Create an IAM member for your organization with the custom role you created in Step 2.

• Replace <insert service account name> with your service account name.
• Replace <insert org id> with the ID of your organization.
• Replace <insert project ID> with your project ID.
• Replace <insert custom role name> with the name of the new custom role.

gcloud organizations add-iam-policy-binding <insert org id> --member user:<insert service account name>@<insert project id>.iam.gserviceaccount.com \
    --member serviceAccount:<insert service account name>@<insert project id>.iam.gserviceaccount.com \
--role organizations/<org id>/roles/<insert custom role name>

Enabling BigQuery can only be completed in the Google Console.

Use the dataset you created previously as your BigQuery dataset. If you have already enabled BigQuery in the Google Console, skip this step.

You need to configure only the billing account. CloudHealth discovers all derived projects associated with the billing account that have incurred costs.

1. Log in to the CloudHealth platform and from the left menu, select Setup > Accounts > GCP Billing. Then click Add Account.

2. Enter your billing account, BigQuery, billing export, and service account information into the form. If needed, you can locate this information in the Google Cloud Console.

3. In Service Account section, select Choose file and upload the JSON private key.

   When you use a JSON key, CloudHealth verifies that the project ID in the JSON key matches the ID of the project to which you are attaching the credentials.

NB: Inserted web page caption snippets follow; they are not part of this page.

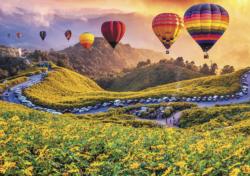 Hot Air Balloons Landscape Jigsaw Puzzle By Pierre Belvedere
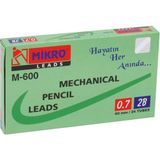 Mikro M-600 60 mm 0.7 mm Kurşun Kalem Ucu 48 Adet Yeşil Renkli Kalem Uçları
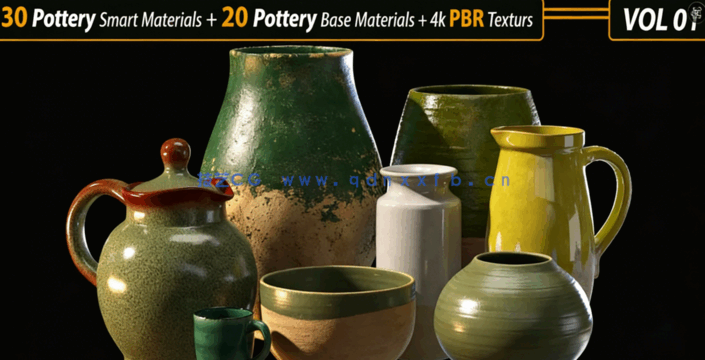 20组陶器罐子贴图素材 Artstation – 20 Pottery 4k PBR Textures Vol.01(图2) 20组陶器罐子贴图素材 Artstation – 20 Pottery 4k PBR Textures Vol.01(图2)
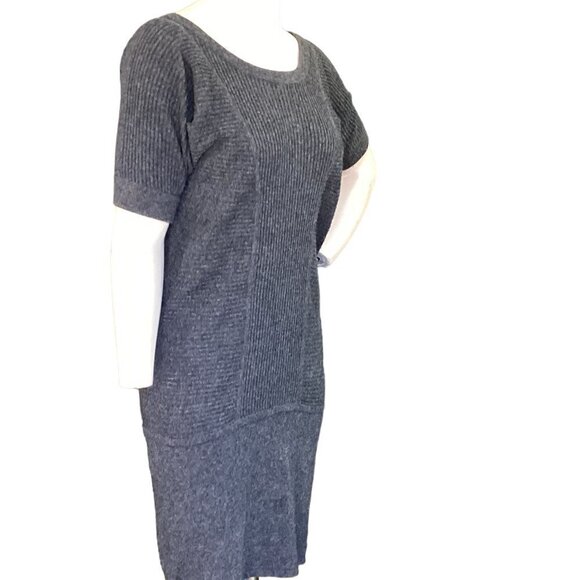 Banana Republic Wool Cashmere Rib Knit Sweater Dress S Charcoal Gray #128K - Picture 2 of 8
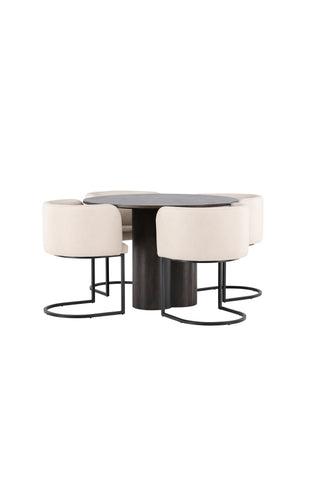 Venture Home Olivia Matbord-Mocca/MoccaFaner+SimrishmanMatstol-Svart/BeigeTC-tyg_4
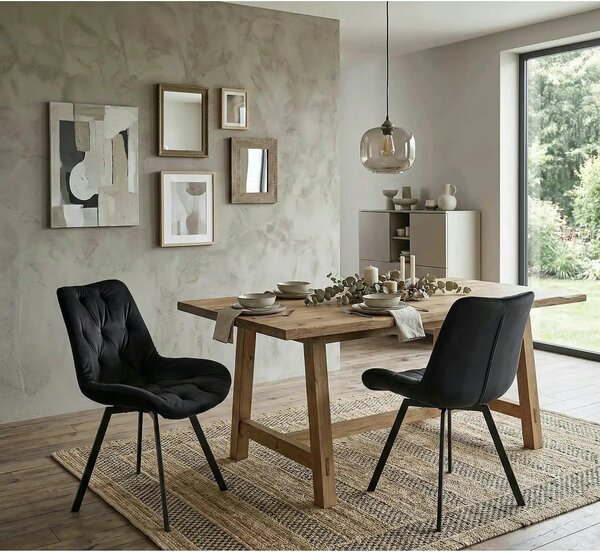 Scaun pivotant K519, negru, stofa catifelata/metal, 54x63x86 cm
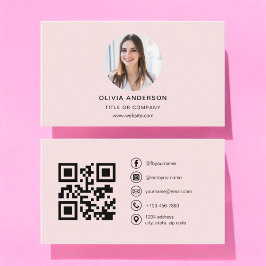 Professionell Foto  Rosa QR-kod Social Media Visitkort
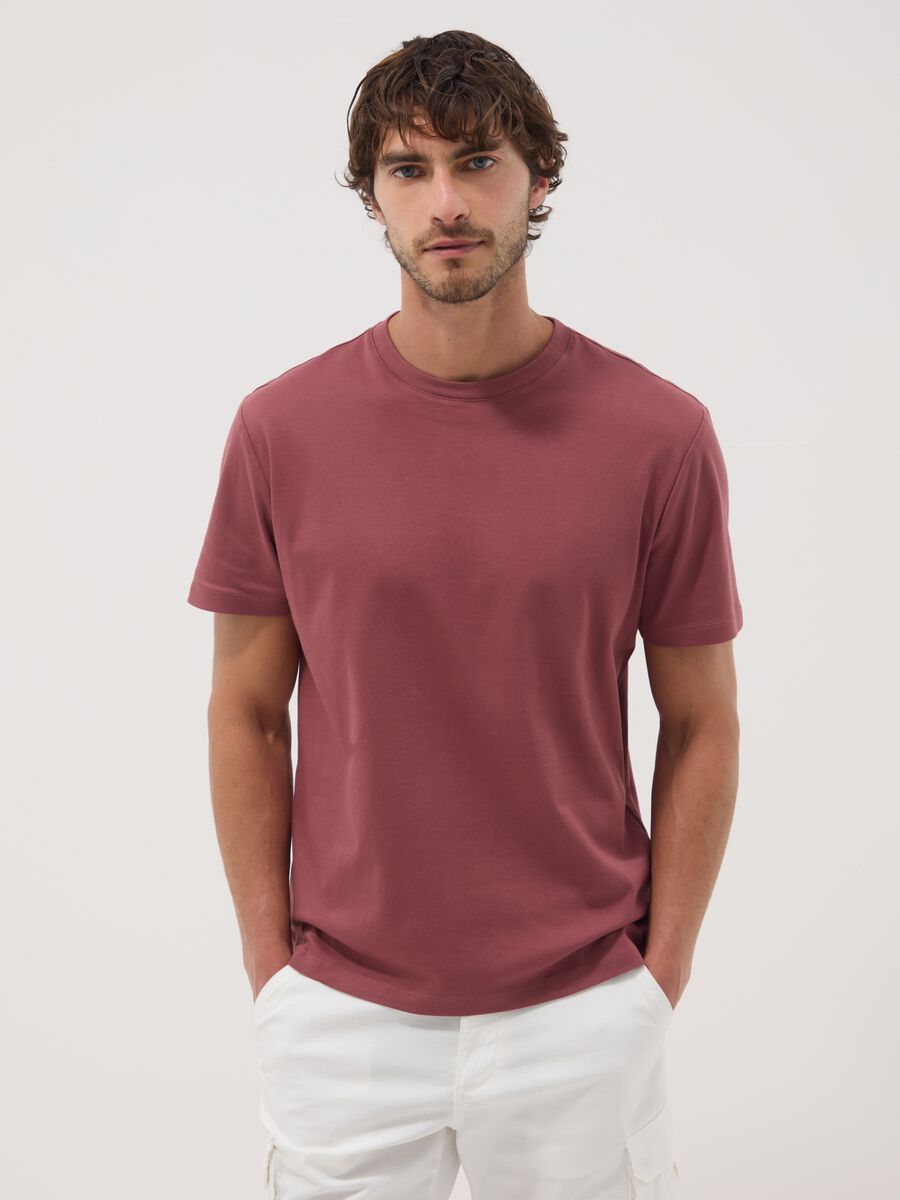 Rotes Slim-Fit-T-Shirt aus reiner merzerisierter Baumwolle_1
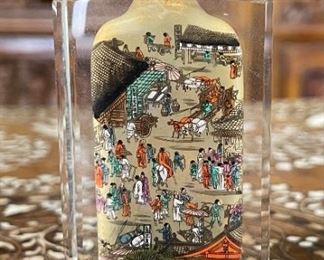 Chinese Inside Reverse Hand Painted Glass Perfume/Snuff Bottle  #1	3 inches high	
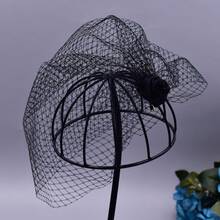 1 Stück eleganter vintage Gesichtsschleier mit 3D Blumen Dekor & leichtem transparentem Tüll, geeignet für Fotoshootings, Bankette, Ball Party Accessoire - Verschiedenfarbig - Übersicht 8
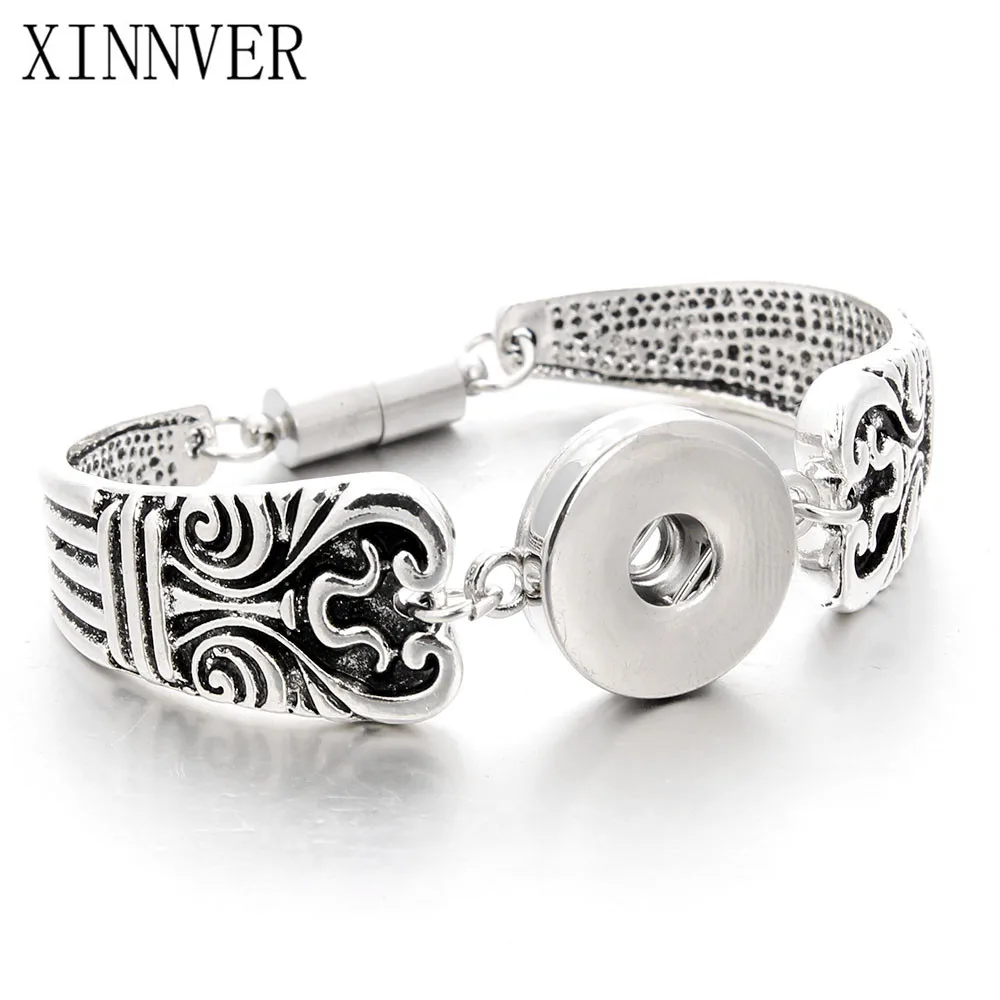

Bracelet Jewelry Snap Pulsera Fit 18-20mm Xinnver Snap Button Carve Flower Magnetic Tube Bar Clasp Antique Silver Tone ZE038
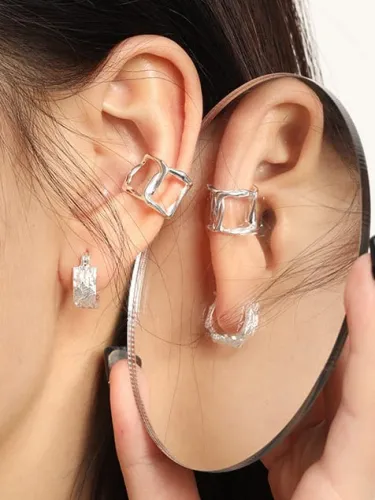 925 Sterling Silver Hollow Geometric Minimalist Single Earring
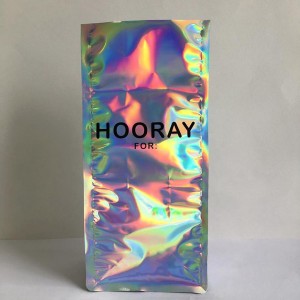 Logo tùy chỉnh in OEM Phim Laser đáy phẳng đứng lên túi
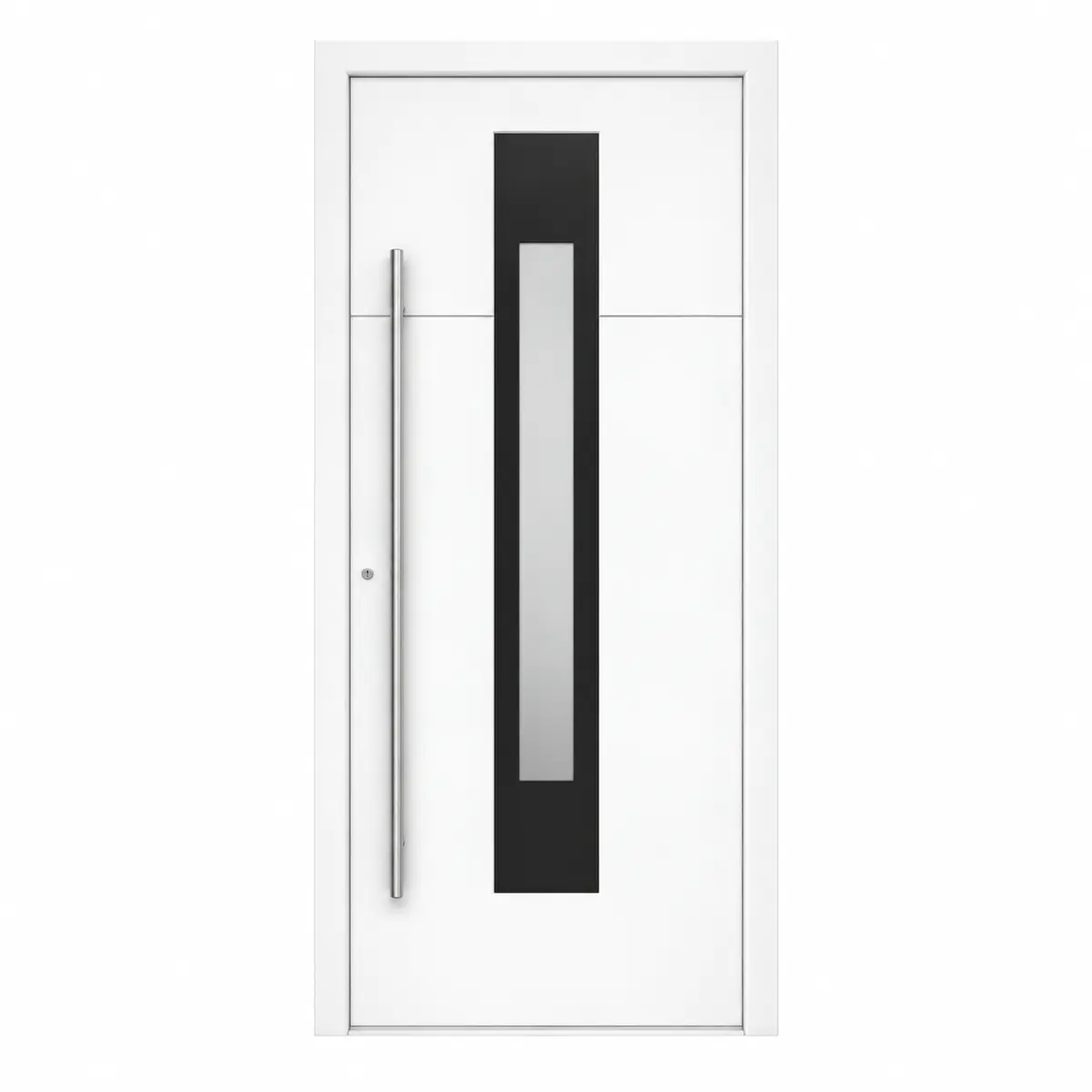 Porta de entrada PVC por medida com painel Neptuno branco, vidro vertical e puxador inox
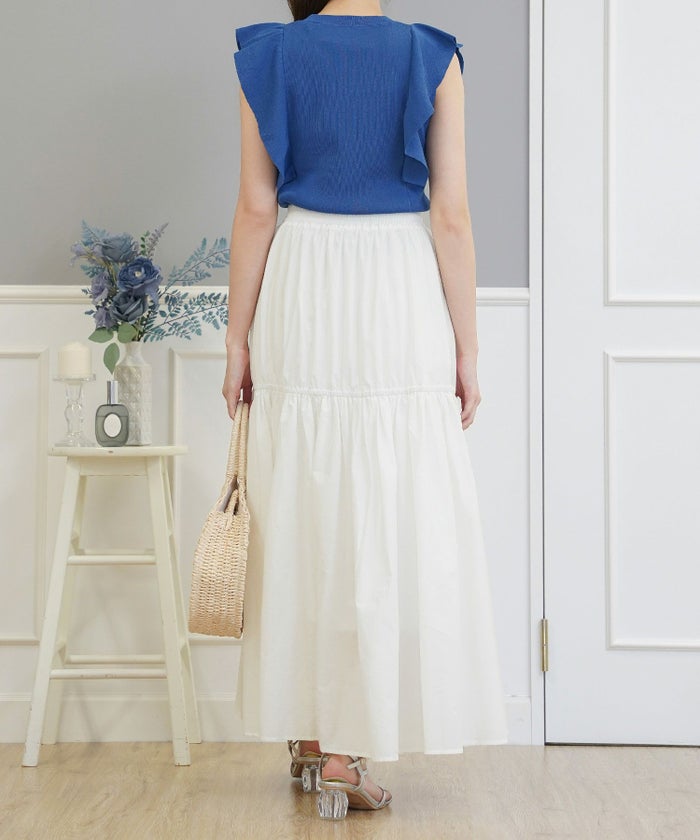 セレクトボトムススカートロングギャザードレープフレア春夏秋白青レディースオフィスかわいいジョイントスペース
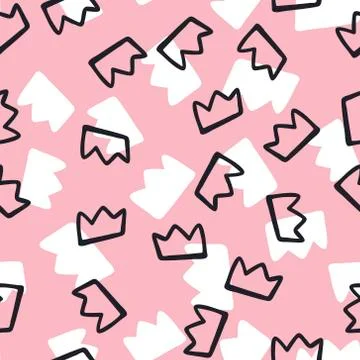 Vector scandinavian crown seamless pattern. Stock Illustration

4. If you want to use different service accounts to collect billing statements, select the Enable a separate service account for projects linked to this billing account. (Optional) checkbox. Select Choose file and upload the JSON private key.

   This option should be used if you want to use different service accounts for billing data collection and asset metadata collection.

5. Click Save Account.

CloudHealth validates new Google Service Accounts and derived projects every 4 hours. You can view derived projects by going to Setup > Accounts > GCP Project. Projects you enable in the CloudHealth Platform change status from Not Configured to Green, Yellow, Red, or Pending.

The newly configured GCP billing accounts will be onboarded automatically, and within 48 hrs, you will see the cost data in the CloudHealth platform.